WORK INSTRUCTIONS:
Please repeat, from the entries that follow, the lines from the one containing "79088590628" through the one containing "245 Amelia St, Poinciana, FL" exactly, adding nothing.

[Crawled caption data]
☆ ☆ ☆

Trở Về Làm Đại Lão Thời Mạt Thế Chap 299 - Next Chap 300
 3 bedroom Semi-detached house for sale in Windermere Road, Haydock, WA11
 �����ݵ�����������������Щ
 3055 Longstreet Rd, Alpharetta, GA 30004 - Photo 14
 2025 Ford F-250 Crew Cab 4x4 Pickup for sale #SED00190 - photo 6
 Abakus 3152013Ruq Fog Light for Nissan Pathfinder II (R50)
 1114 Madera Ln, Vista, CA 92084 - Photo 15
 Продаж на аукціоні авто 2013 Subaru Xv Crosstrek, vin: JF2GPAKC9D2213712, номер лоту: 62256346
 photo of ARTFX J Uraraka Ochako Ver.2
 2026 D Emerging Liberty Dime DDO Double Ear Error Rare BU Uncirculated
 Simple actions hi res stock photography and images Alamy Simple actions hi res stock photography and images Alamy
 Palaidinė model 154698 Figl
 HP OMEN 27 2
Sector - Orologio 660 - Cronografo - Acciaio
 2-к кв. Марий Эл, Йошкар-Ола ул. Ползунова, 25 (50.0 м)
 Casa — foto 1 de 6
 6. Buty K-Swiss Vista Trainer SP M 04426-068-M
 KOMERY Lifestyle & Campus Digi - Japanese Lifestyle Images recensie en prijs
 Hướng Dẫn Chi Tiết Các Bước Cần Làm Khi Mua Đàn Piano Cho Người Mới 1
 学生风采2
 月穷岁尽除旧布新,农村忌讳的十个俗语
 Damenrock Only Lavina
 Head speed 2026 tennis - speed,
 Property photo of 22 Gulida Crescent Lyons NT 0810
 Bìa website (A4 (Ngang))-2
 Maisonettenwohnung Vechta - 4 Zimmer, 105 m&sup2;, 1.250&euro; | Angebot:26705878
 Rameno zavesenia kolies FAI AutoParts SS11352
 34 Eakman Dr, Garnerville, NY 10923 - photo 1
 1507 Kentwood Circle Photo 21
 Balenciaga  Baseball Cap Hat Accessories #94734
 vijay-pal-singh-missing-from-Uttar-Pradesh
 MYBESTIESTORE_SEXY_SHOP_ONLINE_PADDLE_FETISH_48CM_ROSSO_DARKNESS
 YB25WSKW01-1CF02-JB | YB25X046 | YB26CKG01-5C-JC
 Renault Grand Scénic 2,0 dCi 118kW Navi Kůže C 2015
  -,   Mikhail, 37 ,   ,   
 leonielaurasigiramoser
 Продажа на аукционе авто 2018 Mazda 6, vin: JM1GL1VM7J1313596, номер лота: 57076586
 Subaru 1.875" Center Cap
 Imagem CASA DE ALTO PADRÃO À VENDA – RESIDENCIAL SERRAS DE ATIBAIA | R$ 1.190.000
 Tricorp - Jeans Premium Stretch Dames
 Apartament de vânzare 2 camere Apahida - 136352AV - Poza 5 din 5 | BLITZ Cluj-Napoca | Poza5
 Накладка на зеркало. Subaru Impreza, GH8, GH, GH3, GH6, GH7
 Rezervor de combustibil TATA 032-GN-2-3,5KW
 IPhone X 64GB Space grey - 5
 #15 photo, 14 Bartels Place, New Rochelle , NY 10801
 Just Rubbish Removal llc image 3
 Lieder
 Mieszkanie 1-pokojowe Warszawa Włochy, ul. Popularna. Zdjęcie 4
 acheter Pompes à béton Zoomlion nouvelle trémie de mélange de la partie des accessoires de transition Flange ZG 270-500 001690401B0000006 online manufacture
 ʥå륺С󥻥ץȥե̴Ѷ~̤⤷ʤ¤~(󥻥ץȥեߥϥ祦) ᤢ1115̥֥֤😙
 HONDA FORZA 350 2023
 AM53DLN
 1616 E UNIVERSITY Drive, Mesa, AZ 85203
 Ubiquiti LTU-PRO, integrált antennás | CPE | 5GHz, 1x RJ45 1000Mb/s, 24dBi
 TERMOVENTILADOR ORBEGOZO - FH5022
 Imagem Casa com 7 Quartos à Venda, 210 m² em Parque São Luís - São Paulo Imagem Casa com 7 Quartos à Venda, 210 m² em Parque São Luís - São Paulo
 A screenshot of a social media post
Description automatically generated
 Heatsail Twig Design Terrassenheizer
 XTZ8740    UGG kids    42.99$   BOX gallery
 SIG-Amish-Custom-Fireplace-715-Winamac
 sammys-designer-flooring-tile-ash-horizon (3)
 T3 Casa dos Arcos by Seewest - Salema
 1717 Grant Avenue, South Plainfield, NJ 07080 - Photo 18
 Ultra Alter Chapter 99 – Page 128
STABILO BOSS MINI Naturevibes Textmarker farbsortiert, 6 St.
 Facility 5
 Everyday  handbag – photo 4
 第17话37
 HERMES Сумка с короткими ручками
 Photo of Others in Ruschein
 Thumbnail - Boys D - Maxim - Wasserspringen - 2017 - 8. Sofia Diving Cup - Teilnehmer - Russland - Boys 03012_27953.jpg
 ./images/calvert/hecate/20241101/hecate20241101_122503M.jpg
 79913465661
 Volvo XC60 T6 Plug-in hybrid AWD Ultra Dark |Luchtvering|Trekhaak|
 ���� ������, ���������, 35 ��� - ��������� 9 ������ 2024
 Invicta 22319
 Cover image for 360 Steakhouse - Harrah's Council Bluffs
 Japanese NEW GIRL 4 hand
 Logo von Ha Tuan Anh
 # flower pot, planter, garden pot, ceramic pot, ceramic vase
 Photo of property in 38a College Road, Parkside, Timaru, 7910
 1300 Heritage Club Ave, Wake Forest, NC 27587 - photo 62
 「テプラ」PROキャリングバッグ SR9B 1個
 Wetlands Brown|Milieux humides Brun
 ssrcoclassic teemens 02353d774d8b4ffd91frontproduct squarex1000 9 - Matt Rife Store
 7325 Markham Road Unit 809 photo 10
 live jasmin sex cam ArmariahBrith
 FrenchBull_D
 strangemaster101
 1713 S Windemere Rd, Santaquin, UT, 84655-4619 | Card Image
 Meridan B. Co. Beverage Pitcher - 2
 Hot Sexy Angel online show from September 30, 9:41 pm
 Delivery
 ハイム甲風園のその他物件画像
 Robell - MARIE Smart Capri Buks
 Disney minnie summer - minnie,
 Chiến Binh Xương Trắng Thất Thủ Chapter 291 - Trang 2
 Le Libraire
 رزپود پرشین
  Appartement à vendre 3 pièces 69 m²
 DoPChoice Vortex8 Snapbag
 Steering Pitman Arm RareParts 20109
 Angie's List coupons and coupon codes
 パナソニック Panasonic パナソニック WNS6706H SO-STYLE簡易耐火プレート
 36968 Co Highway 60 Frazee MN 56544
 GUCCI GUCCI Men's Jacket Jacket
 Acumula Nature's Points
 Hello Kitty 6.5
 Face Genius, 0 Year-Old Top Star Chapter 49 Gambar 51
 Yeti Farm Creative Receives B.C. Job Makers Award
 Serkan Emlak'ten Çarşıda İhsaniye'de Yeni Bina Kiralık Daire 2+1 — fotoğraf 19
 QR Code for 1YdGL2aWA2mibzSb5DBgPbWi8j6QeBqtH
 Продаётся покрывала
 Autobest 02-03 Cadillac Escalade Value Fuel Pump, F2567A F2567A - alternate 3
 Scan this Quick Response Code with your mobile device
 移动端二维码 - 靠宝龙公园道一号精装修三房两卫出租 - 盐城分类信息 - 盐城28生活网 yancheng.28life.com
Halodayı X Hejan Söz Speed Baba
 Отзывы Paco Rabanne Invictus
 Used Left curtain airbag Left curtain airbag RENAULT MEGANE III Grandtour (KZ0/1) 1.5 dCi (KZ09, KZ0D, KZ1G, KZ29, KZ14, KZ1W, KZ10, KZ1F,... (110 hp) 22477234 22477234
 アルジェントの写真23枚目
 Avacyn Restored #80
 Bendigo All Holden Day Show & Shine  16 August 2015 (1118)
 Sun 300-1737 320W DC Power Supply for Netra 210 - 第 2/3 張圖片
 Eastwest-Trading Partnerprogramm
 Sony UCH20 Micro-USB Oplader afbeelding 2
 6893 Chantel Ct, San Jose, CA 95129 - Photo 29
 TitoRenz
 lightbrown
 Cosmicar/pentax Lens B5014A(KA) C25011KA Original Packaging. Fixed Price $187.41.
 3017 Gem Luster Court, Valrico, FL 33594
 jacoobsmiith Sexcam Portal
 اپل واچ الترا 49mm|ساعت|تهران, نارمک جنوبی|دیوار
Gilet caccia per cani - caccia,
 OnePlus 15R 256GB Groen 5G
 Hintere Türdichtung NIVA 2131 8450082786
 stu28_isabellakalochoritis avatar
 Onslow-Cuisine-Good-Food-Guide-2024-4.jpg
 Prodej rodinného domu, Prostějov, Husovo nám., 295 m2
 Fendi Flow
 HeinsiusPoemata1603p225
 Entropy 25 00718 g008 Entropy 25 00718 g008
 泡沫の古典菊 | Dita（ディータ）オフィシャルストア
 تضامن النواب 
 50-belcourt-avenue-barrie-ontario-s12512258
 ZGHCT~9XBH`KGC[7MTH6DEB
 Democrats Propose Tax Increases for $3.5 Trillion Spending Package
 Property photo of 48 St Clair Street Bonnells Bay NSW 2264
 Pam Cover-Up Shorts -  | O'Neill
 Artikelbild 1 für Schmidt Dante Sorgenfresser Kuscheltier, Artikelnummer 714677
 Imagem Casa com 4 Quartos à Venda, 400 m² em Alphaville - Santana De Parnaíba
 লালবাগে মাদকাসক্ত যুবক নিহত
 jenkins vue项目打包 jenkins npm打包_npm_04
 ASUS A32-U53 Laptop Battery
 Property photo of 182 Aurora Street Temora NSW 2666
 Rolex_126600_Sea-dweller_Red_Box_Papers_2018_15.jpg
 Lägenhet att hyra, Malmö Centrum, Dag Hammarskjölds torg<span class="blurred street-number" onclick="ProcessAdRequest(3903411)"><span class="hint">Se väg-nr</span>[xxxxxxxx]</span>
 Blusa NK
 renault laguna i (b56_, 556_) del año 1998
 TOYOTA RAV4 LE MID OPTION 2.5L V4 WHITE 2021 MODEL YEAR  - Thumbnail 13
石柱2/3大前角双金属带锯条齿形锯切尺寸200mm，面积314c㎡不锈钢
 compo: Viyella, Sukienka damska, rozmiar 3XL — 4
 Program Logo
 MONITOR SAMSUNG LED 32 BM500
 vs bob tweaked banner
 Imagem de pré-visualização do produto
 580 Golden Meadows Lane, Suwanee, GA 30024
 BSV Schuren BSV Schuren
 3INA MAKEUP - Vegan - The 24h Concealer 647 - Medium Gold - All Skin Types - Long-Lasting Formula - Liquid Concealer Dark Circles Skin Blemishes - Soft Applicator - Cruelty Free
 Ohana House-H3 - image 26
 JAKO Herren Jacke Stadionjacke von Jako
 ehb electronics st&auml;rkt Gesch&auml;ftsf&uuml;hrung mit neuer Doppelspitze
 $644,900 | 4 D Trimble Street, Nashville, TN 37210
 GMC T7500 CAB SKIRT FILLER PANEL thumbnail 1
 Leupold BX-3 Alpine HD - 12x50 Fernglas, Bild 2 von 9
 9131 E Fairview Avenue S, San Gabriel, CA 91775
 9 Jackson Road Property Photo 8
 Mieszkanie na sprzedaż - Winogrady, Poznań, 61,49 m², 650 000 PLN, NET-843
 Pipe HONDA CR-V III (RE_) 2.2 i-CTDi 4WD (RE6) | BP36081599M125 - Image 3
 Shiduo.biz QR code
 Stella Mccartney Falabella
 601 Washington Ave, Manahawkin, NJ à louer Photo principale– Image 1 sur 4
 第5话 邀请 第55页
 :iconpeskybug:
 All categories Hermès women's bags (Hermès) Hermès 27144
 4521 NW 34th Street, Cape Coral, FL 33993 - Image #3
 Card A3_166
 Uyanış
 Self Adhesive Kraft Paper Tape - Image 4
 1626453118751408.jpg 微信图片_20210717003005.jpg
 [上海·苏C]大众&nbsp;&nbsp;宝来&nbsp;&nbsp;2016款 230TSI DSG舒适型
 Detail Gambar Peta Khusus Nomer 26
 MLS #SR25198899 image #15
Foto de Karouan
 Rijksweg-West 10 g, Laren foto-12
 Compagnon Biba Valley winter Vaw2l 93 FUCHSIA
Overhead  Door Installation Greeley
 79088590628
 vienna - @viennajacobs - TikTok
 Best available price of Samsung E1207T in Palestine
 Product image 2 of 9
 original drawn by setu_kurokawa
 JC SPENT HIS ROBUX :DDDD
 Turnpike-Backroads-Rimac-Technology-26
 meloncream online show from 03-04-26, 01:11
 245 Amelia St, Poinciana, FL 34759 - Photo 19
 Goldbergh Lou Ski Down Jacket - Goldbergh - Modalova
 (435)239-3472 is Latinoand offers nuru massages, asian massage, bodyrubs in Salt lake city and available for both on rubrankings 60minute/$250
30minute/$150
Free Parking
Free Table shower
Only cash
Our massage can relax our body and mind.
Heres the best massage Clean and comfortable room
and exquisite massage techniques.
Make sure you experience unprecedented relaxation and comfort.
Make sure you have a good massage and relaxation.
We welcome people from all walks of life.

☆ ☆ ☆

SOLUTION:
 79088590628
 vienna - @viennajacobs - TikTok
 Best available price of Samsung E1207T in Palestine
 Product image 2 of 9
 original drawn by setu_kurokawa
 JC SPENT HIS ROBUX :DDDD
 Turnpike-Backroads-Rimac-Technology-26
 meloncream online show from 03-04-26, 01:11
 245 Amelia St, Poinciana, FL 34759 - Photo 19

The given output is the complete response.